Physicists really need to be more criticized for their quantum woo nonsense they push as supported by physics. Even those who intend no harm still confuse people by repeating poor language choice. Nothing about Bell's theorem deals with realism at all, it simply has no relevance to the notion. It is about the incompatibility between locality and separability, which plenty of materialist philosophers have rejected separability on the grounds of logical consistency since the 1800s. It's not even a new idea to reject separability.
Indeed, calling contextuality "nonrealism" is a bit silly when one considers that you can just acknowledge that reality is contextual and, boom, contextuality is compatible with realism. Indeed, there is a whole philosophical school called "contextual realism" that takes this position.

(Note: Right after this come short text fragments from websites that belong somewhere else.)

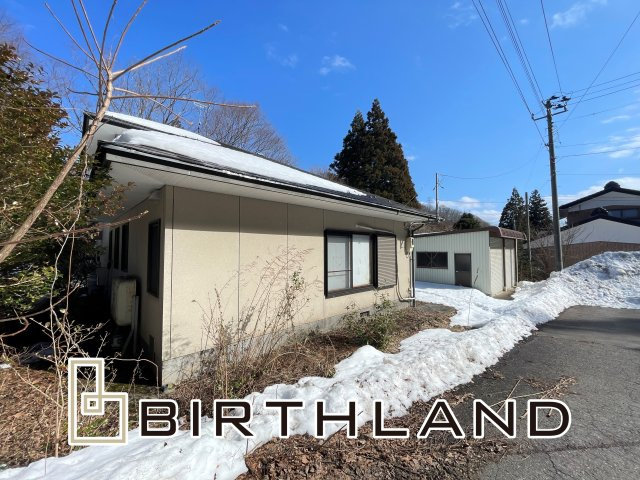 想定年間賃料　84.1万　想定利回り　12.2％　軽量鉄骨造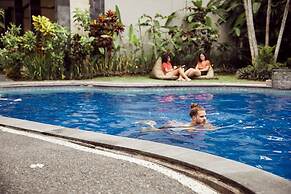Outpost Ubud Nyuh Kuning Live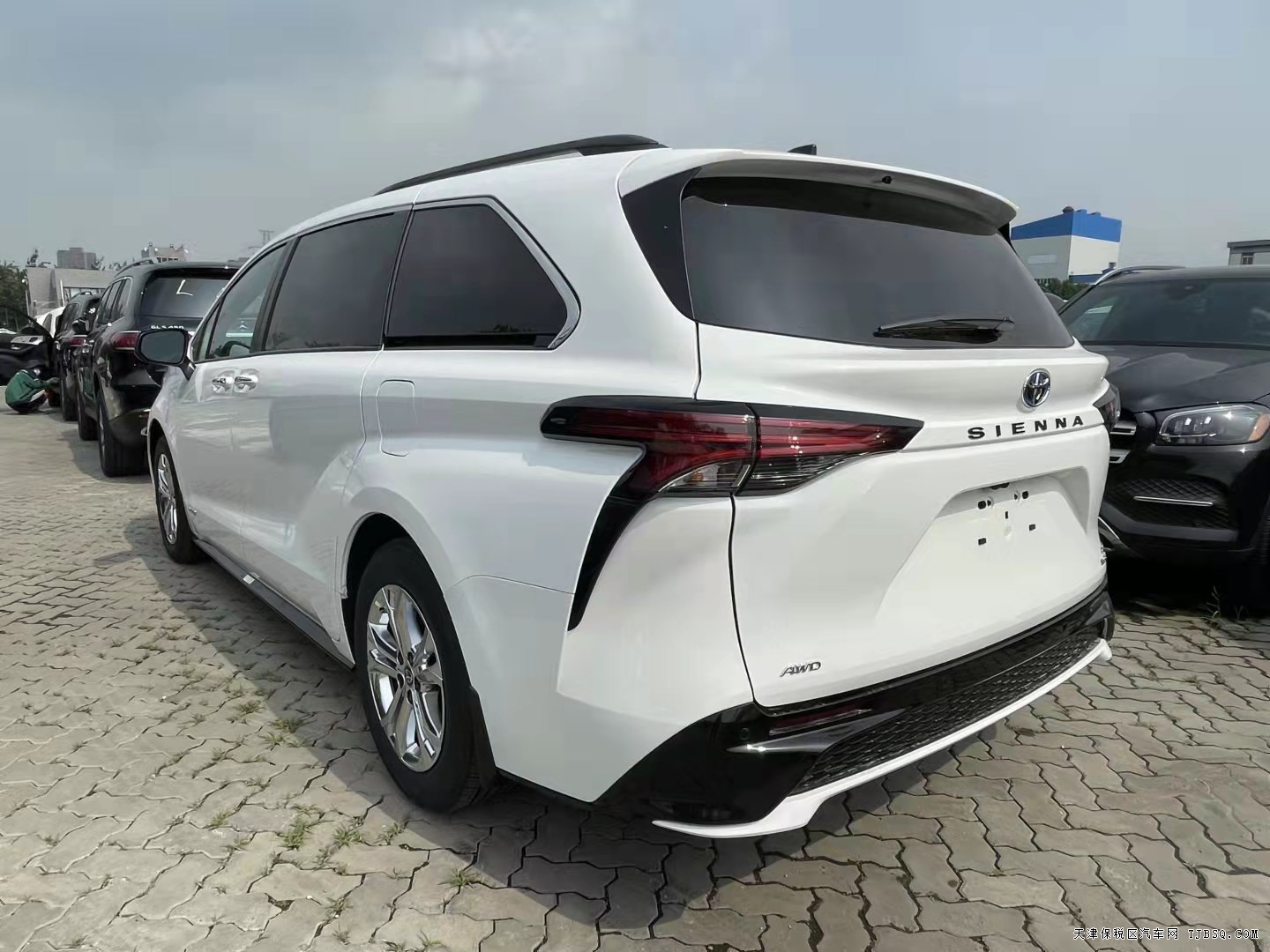2021款塞納 2.5L四驅(qū) XSE  天津港全系雙十一大促隨時(shí)提車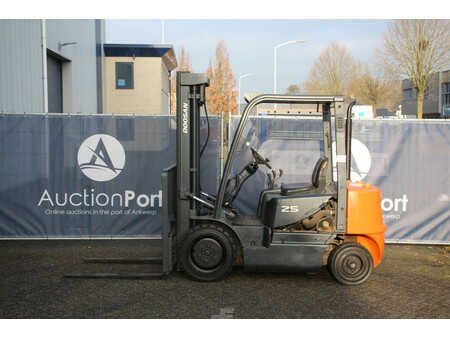 Carrelli elevatori diesel 2011  Doosan D23S-3 (2)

I would recommend reading Francois-Igor Pris' writings on the subject.
Indeed, you even say that there is no way to define reality independent of the way one looks at it. This is the logical fallacy you are committing. Is it impossible to define reality independent of how we look at it because we are conscious observers, but in spite of it? The confusion disappears when you make this distinctions.
You also cannot define velocity independent of how you look at it, it is inherently reference frame dependent. Yet, nobody uses it to prove reality independent of the observer doesn't exist. The fact it depends on how we look at it is a property of reality in spite of conscious observers, not because of it.
Physicists get lost in quantum woo with bad arguments they don't seem to think through very hard. Philosophy is not your department. Just stay away from it.